[[ Data supplied open ]]

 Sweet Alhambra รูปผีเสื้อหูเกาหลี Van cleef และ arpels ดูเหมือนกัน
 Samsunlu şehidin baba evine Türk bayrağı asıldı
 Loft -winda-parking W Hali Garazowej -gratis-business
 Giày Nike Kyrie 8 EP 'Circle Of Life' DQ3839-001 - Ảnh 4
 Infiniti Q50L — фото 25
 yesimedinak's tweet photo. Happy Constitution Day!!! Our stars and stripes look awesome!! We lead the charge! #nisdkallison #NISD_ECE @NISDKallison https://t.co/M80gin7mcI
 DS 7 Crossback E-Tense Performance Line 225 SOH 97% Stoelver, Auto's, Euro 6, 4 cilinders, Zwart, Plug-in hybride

[[ Data supplied closed ]]

Try it:
The line containing "Infiniti Q50L — фото 25" and every line after it, through the end of the records above: output exactly those, and nothing else.

Answer to this problem:
 Infiniti Q50L — фото 25
 yesimedinak's tweet photo. Happy Constitution Day!!! Our stars and stripes look awesome!! We lead the charge! #nisdkallison #NISD_ECE @NISDKallison https://t.co/M80gin7mcI
 DS 7 Crossback E-Tense Performance Line 225 SOH 97% Stoelver, Auto's, Euro 6, 4 cilinders, Zwart, Plug-in hybride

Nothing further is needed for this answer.